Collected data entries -
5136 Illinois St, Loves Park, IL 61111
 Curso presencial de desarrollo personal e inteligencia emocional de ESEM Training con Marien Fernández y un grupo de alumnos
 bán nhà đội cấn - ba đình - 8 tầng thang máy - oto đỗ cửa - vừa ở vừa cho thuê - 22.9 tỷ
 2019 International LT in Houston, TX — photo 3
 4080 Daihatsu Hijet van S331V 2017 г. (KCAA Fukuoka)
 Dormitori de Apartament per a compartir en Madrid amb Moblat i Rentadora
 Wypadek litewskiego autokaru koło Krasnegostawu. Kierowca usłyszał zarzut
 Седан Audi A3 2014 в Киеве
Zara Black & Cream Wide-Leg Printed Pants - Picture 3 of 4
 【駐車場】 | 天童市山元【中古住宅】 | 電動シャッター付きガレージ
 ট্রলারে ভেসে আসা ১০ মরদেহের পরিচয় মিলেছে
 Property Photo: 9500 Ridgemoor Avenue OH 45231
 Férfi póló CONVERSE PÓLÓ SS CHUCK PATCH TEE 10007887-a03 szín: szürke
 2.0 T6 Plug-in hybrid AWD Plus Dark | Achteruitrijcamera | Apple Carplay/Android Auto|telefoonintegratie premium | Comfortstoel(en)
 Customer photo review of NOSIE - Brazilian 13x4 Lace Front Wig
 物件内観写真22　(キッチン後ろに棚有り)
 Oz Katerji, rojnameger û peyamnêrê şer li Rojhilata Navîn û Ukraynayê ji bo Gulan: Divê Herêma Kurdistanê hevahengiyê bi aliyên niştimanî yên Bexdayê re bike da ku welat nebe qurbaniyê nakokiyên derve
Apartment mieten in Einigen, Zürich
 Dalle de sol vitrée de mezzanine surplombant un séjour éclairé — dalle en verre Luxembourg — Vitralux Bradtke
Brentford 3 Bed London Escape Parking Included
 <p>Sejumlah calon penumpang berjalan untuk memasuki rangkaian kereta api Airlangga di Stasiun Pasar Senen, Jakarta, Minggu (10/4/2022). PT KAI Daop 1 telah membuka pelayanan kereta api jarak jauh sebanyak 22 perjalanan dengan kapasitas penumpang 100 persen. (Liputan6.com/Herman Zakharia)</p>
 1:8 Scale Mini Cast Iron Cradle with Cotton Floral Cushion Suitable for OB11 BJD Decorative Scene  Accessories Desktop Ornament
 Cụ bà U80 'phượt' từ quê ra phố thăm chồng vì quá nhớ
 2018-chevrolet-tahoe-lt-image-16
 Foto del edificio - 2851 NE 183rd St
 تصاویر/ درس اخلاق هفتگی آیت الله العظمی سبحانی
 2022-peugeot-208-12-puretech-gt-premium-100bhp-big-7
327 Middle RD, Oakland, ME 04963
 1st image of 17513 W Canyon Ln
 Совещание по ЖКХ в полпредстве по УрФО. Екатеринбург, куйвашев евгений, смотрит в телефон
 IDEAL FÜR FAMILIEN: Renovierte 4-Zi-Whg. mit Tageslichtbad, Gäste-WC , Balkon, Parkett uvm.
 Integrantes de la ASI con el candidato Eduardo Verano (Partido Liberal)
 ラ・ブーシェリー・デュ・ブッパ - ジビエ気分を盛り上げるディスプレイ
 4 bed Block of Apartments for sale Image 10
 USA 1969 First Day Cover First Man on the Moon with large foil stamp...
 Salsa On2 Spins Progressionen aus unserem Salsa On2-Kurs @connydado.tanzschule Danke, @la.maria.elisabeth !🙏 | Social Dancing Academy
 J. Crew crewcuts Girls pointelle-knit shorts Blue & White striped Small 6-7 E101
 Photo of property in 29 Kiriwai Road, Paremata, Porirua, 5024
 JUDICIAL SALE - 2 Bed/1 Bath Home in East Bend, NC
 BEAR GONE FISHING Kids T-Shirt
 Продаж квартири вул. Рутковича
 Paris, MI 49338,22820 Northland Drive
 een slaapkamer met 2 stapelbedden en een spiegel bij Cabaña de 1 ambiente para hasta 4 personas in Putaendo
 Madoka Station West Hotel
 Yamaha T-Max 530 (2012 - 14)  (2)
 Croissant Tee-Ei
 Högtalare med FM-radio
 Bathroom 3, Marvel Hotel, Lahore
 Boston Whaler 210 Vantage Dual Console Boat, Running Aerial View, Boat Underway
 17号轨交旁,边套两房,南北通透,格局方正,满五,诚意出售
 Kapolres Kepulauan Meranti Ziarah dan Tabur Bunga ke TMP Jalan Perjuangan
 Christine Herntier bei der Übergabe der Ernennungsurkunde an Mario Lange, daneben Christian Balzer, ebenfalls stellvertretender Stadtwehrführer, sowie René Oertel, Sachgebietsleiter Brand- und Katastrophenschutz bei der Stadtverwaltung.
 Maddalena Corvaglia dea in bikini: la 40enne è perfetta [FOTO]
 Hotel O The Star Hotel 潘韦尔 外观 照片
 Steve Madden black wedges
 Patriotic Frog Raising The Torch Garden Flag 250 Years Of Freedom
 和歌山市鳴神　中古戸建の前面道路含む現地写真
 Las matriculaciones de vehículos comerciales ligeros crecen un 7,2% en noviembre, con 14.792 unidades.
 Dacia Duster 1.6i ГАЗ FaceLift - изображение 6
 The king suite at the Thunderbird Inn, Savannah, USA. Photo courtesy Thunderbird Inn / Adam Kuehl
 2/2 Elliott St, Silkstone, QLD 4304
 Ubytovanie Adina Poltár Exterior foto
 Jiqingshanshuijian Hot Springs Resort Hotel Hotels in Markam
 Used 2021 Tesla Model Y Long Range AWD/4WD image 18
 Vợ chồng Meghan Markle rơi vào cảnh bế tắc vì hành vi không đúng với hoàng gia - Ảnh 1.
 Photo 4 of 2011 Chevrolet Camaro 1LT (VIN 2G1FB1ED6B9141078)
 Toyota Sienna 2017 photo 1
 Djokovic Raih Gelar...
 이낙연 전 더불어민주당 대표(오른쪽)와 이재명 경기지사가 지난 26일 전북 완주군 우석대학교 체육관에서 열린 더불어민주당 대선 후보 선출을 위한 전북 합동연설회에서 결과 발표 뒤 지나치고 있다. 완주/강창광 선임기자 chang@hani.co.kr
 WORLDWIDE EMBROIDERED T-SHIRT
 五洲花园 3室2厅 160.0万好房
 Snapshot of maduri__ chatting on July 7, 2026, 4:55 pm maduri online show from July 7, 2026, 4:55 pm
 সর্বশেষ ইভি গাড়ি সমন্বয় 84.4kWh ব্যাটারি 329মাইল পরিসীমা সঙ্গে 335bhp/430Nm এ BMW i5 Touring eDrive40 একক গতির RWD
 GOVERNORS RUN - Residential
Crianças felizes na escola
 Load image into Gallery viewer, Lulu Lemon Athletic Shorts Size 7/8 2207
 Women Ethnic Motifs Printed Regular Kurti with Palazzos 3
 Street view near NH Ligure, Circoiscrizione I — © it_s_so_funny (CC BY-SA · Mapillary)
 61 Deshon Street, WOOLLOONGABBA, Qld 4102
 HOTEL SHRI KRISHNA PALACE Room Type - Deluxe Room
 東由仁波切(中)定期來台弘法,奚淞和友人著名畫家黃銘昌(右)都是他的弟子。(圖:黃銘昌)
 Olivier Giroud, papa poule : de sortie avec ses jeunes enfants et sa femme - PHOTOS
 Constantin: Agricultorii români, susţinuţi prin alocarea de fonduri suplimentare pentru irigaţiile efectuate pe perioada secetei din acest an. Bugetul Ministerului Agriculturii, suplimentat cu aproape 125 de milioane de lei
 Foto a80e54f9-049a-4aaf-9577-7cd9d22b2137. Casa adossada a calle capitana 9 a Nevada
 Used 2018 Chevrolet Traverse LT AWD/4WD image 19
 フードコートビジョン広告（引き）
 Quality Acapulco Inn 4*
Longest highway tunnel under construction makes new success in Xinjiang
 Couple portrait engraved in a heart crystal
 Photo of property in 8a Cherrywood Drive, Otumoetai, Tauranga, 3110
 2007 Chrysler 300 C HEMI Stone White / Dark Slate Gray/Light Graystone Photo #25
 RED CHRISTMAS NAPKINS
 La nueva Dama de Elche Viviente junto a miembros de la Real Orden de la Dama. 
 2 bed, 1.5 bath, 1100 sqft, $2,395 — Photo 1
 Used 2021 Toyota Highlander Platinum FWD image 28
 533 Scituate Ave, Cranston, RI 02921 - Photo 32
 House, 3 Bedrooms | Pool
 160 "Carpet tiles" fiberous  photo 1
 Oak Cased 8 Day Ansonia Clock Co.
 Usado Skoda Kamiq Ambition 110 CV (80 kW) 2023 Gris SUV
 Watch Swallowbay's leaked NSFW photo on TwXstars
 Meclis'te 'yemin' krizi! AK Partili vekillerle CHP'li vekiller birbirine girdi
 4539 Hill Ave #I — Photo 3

HOW TO COMPLETE THIS TASK - The required output is the stretch of entries above from the line containing "Совещание по ЖКХ" through the line containing "USA 1969 First", reproduced exactly.

WRITTEN ANSWER -
 Совещание по ЖКХ в полпредстве по УрФО. Екатеринбург, куйвашев евгений, смотрит в телефон
 IDEAL FÜR FAMILIEN: Renovierte 4-Zi-Whg. mit Tageslichtbad, Gäste-WC , Balkon, Parkett uvm.
 Integrantes de la ASI con el candidato Eduardo Verano (Partido Liberal)
 ラ・ブーシェリー・デュ・ブッパ - ジビエ気分を盛り上げるディスプレイ
 4 bed Block of Apartments for sale Image 10
 USA 1969 First Day Cover First Man on the Moon with large foil stamp...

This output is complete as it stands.